Directions:
Go through the listing and return every line with "head" in it.

Recorded information:
■ ■ ■ ■

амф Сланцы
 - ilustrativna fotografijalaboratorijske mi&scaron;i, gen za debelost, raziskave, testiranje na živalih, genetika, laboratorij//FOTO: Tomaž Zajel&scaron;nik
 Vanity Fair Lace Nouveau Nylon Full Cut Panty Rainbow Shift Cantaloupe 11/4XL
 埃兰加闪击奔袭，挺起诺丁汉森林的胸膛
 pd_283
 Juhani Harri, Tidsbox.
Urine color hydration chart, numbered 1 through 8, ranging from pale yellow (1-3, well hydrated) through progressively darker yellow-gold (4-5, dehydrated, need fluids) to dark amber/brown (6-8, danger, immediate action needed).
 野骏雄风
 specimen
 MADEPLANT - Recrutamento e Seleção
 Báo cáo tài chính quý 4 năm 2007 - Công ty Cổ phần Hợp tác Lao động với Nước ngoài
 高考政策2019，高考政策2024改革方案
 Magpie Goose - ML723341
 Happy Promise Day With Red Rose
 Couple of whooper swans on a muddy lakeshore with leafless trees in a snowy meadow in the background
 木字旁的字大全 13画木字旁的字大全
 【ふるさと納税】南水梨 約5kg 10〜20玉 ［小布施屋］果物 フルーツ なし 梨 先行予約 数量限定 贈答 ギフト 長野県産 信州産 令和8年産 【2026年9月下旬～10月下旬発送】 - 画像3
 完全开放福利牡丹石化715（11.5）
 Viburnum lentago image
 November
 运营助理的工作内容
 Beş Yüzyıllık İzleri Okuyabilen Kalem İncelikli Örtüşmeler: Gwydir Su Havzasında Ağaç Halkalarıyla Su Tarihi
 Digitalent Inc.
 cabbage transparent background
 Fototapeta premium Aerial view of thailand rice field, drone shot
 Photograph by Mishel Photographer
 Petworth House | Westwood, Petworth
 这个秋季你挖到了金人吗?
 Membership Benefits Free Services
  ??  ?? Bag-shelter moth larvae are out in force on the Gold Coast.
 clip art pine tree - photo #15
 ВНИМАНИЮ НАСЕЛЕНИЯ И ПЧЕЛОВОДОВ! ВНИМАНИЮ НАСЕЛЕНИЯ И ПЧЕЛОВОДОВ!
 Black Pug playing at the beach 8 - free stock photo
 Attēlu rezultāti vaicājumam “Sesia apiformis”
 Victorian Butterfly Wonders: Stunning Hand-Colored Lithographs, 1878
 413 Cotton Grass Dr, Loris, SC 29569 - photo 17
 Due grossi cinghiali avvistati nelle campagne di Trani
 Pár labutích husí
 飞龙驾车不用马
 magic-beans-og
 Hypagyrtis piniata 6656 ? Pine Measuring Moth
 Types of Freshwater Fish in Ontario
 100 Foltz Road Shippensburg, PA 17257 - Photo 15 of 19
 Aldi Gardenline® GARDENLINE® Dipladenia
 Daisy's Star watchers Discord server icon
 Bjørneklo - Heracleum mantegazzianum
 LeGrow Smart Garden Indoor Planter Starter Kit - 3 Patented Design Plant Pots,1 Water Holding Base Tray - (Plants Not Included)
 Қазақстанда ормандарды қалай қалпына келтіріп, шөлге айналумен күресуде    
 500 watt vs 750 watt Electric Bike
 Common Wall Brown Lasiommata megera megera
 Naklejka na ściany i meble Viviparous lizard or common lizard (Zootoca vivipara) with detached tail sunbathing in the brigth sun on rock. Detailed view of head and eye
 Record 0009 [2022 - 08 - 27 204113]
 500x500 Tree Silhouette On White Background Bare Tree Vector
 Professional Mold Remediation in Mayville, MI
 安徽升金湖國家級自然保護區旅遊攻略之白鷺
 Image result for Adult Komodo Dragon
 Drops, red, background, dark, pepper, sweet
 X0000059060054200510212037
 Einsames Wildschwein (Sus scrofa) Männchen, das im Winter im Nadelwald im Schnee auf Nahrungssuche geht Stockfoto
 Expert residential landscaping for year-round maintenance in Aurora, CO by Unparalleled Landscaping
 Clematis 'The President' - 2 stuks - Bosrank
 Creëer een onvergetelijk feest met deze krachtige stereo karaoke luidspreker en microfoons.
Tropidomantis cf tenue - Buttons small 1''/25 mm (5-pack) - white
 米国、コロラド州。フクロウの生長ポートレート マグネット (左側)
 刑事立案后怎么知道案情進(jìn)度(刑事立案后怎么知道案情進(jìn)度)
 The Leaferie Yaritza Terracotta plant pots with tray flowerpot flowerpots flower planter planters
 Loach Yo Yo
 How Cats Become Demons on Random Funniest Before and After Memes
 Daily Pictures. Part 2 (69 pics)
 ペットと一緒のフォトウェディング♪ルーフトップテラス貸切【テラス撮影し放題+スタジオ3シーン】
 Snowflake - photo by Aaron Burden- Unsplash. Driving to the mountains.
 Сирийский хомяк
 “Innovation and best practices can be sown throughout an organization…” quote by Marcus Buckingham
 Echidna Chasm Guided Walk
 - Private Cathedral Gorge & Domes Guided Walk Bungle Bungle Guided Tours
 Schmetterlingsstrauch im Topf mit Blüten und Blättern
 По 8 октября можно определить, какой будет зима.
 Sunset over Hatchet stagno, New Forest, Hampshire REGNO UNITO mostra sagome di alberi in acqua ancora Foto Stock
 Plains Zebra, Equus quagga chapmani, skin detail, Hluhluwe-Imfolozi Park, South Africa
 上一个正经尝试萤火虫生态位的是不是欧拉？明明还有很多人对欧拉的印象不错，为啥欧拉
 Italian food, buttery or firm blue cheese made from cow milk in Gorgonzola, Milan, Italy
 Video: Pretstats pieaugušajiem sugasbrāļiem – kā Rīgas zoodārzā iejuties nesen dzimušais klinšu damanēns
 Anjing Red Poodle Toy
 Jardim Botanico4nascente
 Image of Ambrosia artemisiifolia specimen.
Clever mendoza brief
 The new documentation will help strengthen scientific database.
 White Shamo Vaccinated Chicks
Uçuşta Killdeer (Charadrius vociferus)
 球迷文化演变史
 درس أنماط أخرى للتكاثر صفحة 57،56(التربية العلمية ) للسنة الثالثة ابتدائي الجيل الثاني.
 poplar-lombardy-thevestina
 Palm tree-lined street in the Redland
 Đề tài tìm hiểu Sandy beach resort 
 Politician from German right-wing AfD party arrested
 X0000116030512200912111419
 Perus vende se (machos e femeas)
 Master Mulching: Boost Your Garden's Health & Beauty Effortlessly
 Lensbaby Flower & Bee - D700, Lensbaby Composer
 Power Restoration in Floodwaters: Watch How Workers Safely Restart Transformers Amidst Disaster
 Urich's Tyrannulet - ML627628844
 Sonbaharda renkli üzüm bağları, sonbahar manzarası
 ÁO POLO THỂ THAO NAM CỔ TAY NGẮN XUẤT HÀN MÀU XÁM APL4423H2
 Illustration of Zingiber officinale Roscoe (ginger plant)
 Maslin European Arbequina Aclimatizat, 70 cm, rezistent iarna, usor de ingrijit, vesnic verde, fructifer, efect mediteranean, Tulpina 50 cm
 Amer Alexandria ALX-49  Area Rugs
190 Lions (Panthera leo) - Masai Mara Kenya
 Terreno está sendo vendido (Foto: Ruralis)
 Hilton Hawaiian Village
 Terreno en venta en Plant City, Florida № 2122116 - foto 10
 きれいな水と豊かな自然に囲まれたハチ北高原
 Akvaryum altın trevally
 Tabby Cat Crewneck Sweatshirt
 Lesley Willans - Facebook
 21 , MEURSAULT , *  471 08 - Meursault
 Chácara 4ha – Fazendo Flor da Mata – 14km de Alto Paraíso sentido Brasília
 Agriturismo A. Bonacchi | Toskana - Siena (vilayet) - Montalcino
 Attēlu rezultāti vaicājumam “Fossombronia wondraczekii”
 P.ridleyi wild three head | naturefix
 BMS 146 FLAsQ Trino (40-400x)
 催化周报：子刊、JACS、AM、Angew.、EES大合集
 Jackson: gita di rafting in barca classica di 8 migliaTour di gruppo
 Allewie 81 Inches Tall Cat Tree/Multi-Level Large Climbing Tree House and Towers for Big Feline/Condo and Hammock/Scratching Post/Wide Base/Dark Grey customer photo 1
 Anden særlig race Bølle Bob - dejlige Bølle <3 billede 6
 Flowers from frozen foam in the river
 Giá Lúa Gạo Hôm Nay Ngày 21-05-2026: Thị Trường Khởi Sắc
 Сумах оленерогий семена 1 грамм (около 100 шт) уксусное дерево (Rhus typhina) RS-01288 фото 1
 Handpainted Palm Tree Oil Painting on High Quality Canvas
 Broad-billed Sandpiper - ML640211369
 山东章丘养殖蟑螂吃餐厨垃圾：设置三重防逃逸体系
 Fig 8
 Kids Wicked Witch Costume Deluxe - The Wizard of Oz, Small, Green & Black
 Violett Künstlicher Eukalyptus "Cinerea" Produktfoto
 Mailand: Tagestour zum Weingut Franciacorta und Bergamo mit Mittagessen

■ ■ ■ ■

Written answer:
 Naklejka na ściany i meble Viviparous lizard or common lizard (Zootoca vivipara) with detached tail sunbathing in the brigth sun on rock. Detailed view of head and eye
 P.ridleyi wild three head | naturefix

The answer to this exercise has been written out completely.